Your analogy seems weak at best. Go is mostly a subset of Java, so there's almost no difficulty in a Java developer learning Go. A Java developer can immediately read 90% of Go programs, and within a couple of hours, he can write real, interesting programs. I'm not sure that a good analogy could be made incorporating English, nor do I think there's value in doing so.
I don't think you understood my analogy. Go supposed to be Toki Pona.
I'm saying that once you are used to a language that's more powerful you feel constrained.
I know many languages and some bring interesting things to the table, go doesn't really deliver (at least based on the hype). The concurrency supposed to be the killer feature, but it is limited to specific cases.
> I'm saying that once you are used to a language that's more powerful you feel constrained.

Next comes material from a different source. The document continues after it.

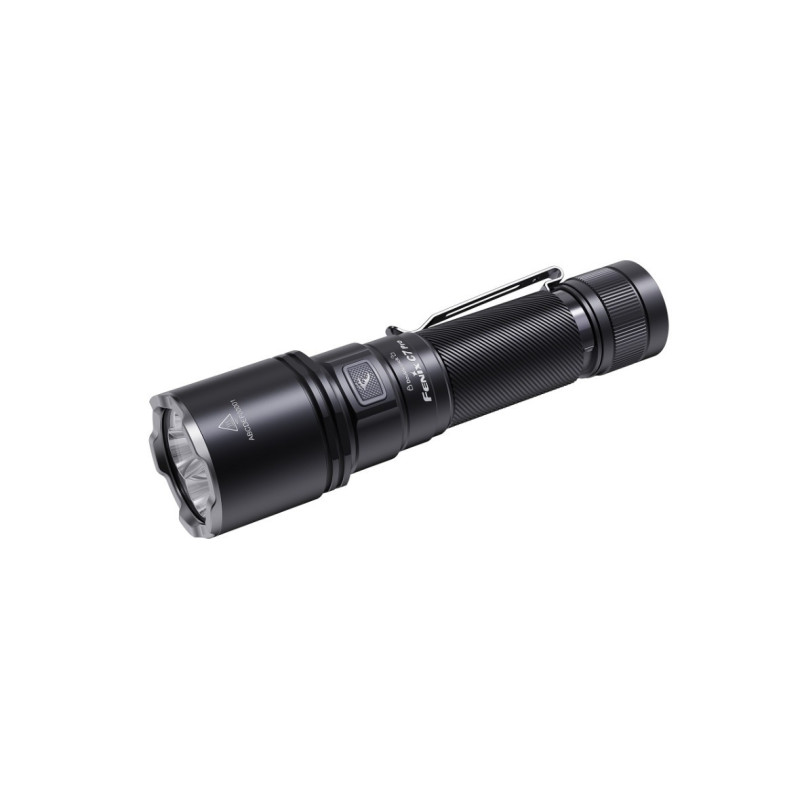 FENIX C7 PRO Rechargeable Flashlight 4600 LM – Black | ANAREUS FENIX C7 PRO Rechargeable Flashlight 4600 LM – Black | ANAREUS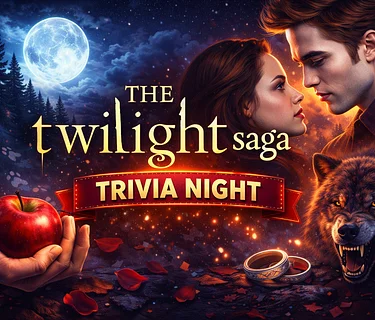The Twilight Saga Trivia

I did misunderstand your point, though I don't find this one more compelling. While Java has more features than Go, the only one I would consider to be "more powerful" would be generics.
> The concurrency supposed to be the killer feature, but it is limited to specific cases.
How do you figure? To which specific cases is it limited? How is Java better?
> BTW: The Go is not subset of Java if anything it's very similar to Algol-68
My argument wasn't that Go is most similar to Java; only that Go's featureset is almost a strict subset of Java's. Go gives you tighter control over memory and a better concurrency story, but most of the rest of it looks the same.